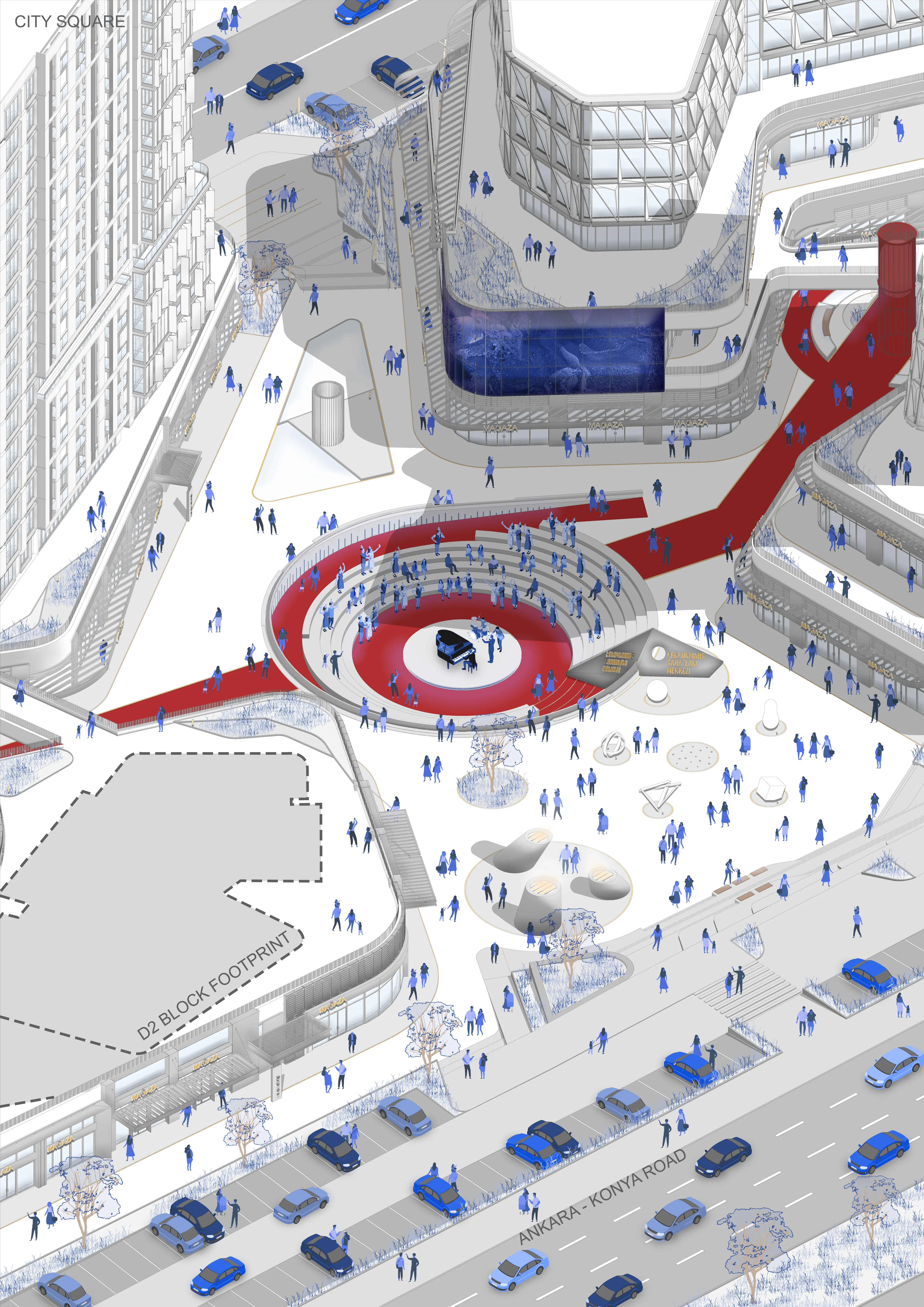 Rhythm Ankara — 15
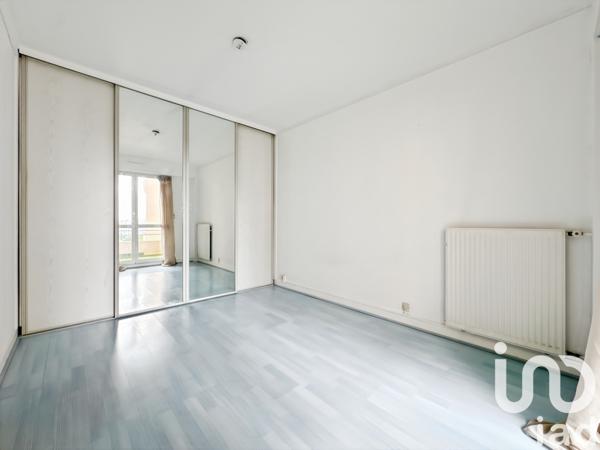 Appartement à vendre 3 pièces 82 m² Laval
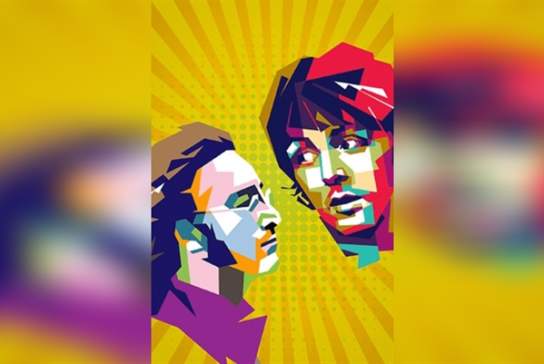 Sitting on a Cornflake: Lennon & McCartney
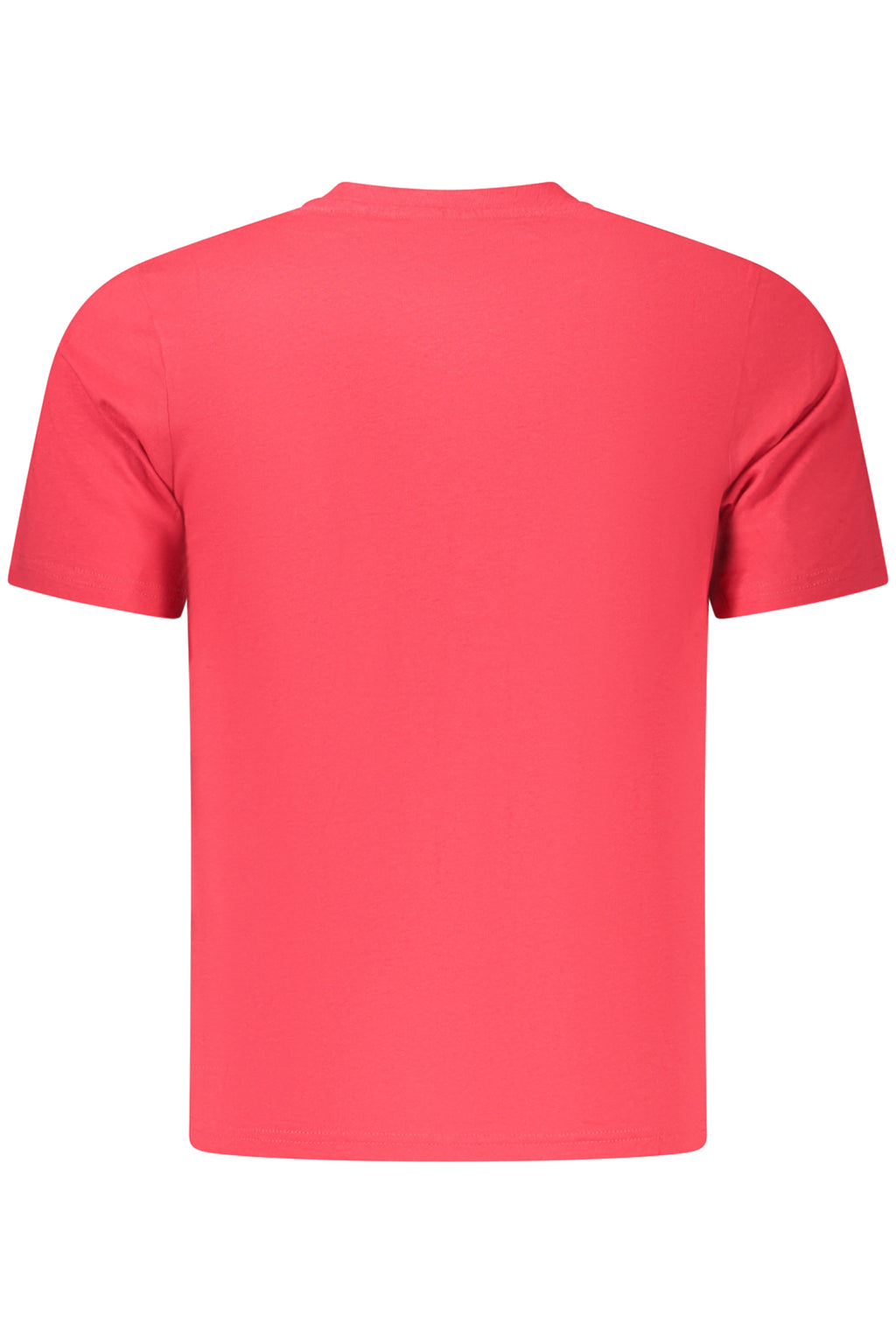 T-Shirt U.S. GRAND Rosso AU03186FOSCO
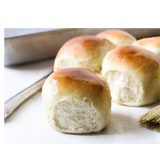 Yeast Rolls and Breads Class - Hobby Hill Farm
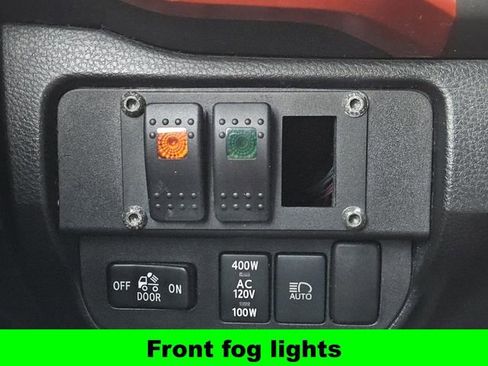 Used 2019 Toyota Tacoma TRD Off-Road image 20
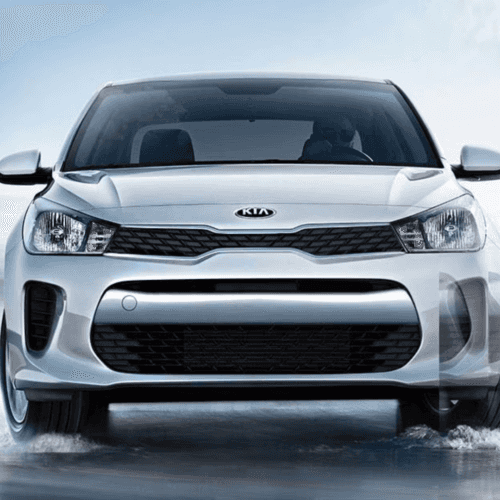 Kia Rio Greenwood, IN Ray Skillman Northeast Kia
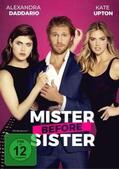 Hornsby / Krall |  Mister Before Sister | Sonstiges |  Sack Fachmedien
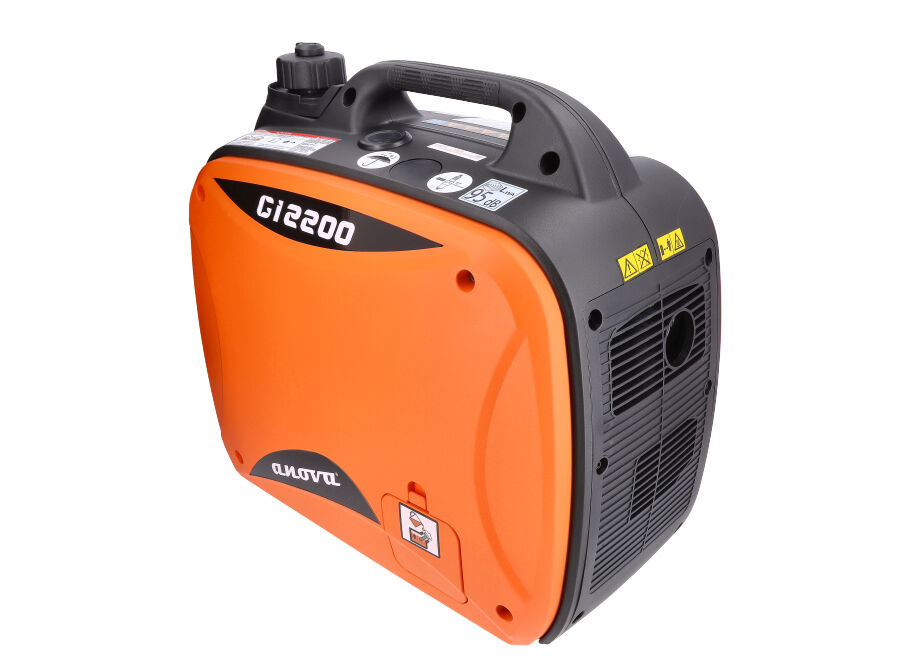 ANOVA GI2200 Generador Inverter Gasolina 2000W - Imagen 2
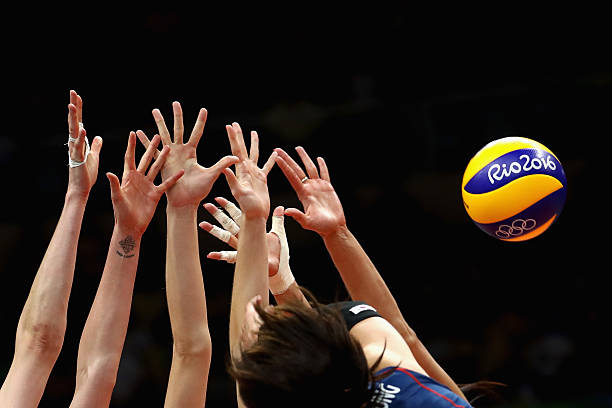 朱婷独家分享留洋经历，惠若琪：为你骄傲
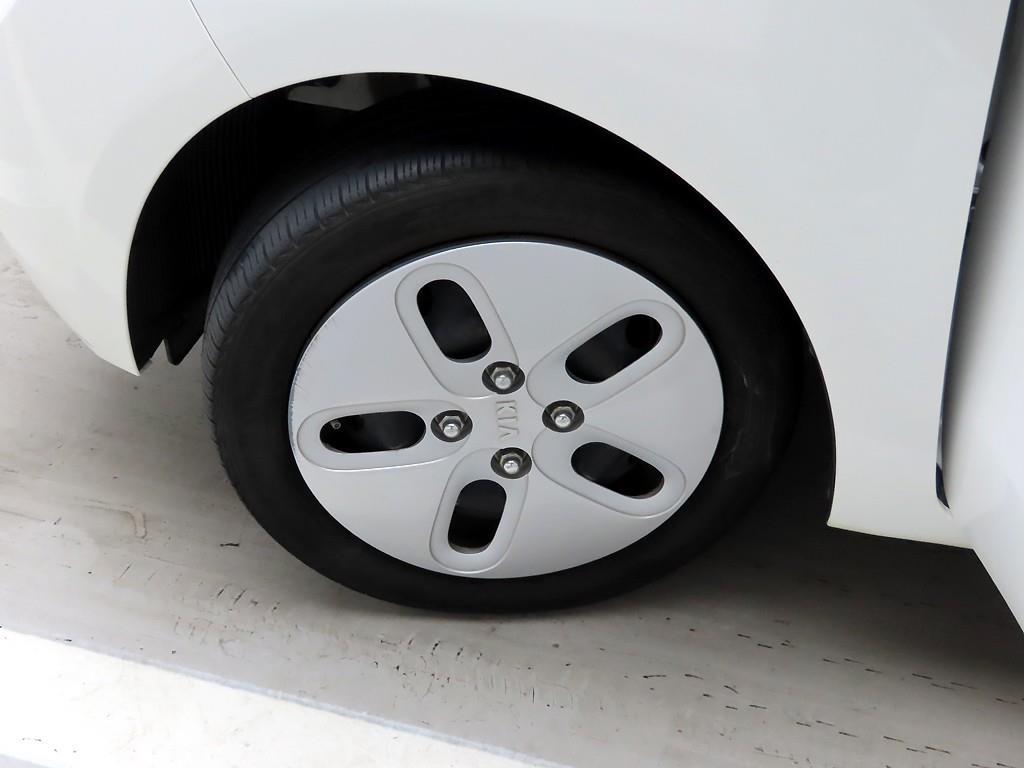 KIA Ray 2021 Blanco - Importación desde Corea - HF Imports Iquique - Foto 18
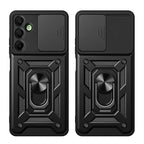 Capa Tech-Protect CamShield Pro para Samsung Galaxy A16 4G 5G Preta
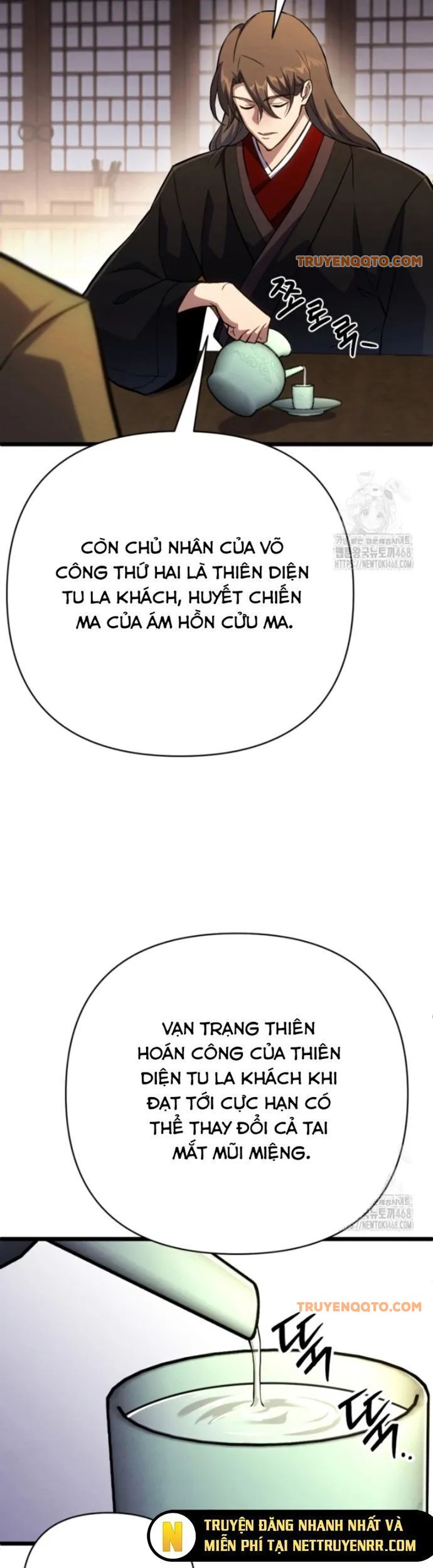 Lãng Nhân Bất Tử - Chapter 28 - Page 12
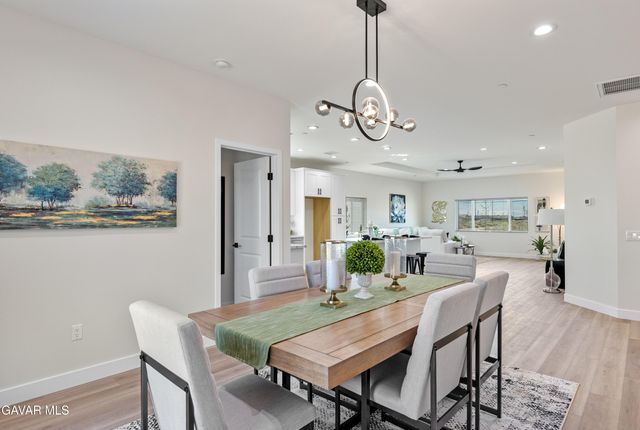 8337 Viburnum Avenue, California City, CA 93505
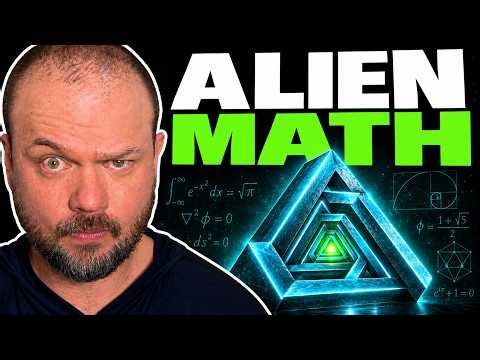 OpenAI’s “Alien Math” Is Freaking People Out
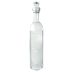 Don Ramon Silver Tequila Front Bottle Shot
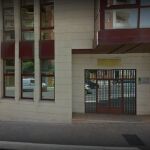 Juzgados de los Penal de Jaén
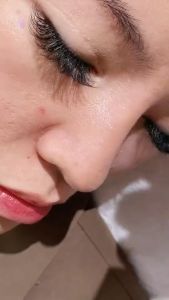 GMEELAN kem tẩy da chết mặt 50gtẩy tế bào chết mặt da dầu mụn làm sạch sâu da sạch mịn cho mặt và body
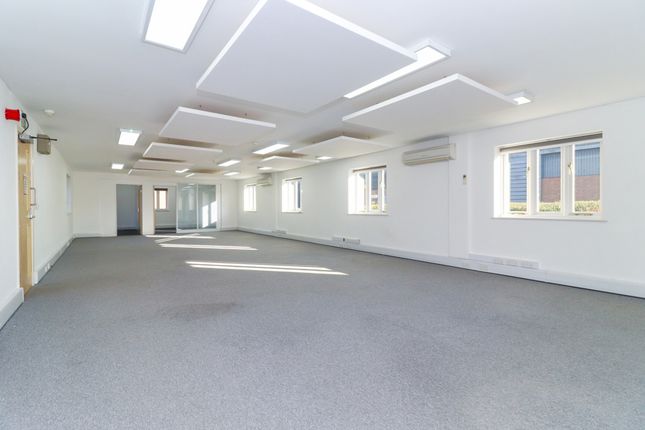 Office to let in Suite 2, Mercer Manor Farm, Sherington, Newport Pagnell, Buckinghamshire
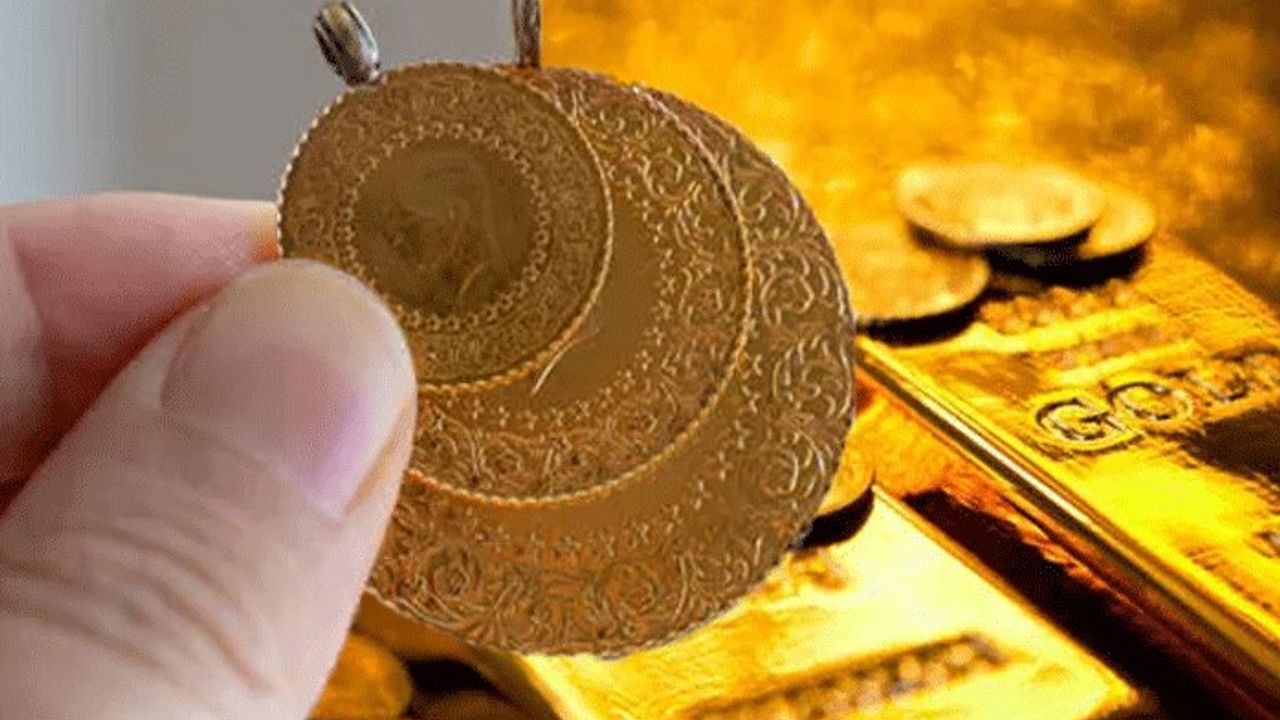 Gram altın 5 bin TL’ye geri çekilir mi, 6 bin TL'yi aşar mı? Beklenen gelişme kapıda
^^^^^^^^
Could you repeat the entries word for word, skipping the pictures they contain?

 Rhythm Ankara — 15
 Appartement à vendre 3 pièces 82 m² Laval
 Sitting on a Cornflake: Lennon & McCartney
 T-Shirt U.S. GRAND Rosso AU03186FOSCO
 Yeast Rolls and Breads Class - Hobby Hill Farm
 Used 2019 Toyota Tacoma TRD Off-Road image 20
 Kia Rio Greenwood, IN Ray Skillman Northeast Kia
 Hornsby / Krall |  Mister Before Sister | Sonstiges |  Sack Fachmedien
 ANOVA GI2200 Generador Inverter Gasolina 2000W - Imagen 2
 朱婷独家分享留洋经历，惠若琪：为你骄傲
 KIA Ray 2021 Blanco - Importación desde Corea - HF Imports Iquique - Foto 18
 Capa Tech-Protect CamShield Pro para Samsung Galaxy A16 4G 5G Preta
 Lãng Nhân Bất Tử - Chapter 28 - Page 12
 8337 Viburnum Avenue, California City, CA 93505
 OpenAI’s “Alien Math” Is Freaking People Out
 Don Ramon Silver Tequila Front Bottle Shot
 Juzgados de los Penal de Jaén
 GMEELAN kem tẩy da chết mặt 50gtẩy tế bào chết mặt da dầu mụn làm sạch sâu da sạch mịn cho mặt và body
 Office to let in Suite 2, Mercer Manor Farm, Sherington, Newport Pagnell, Buckinghamshire
 Gram altın 5 bin TL’ye geri çekilir mi, 6 bin TL'yi aşar mı? Beklenen gelişme kapıda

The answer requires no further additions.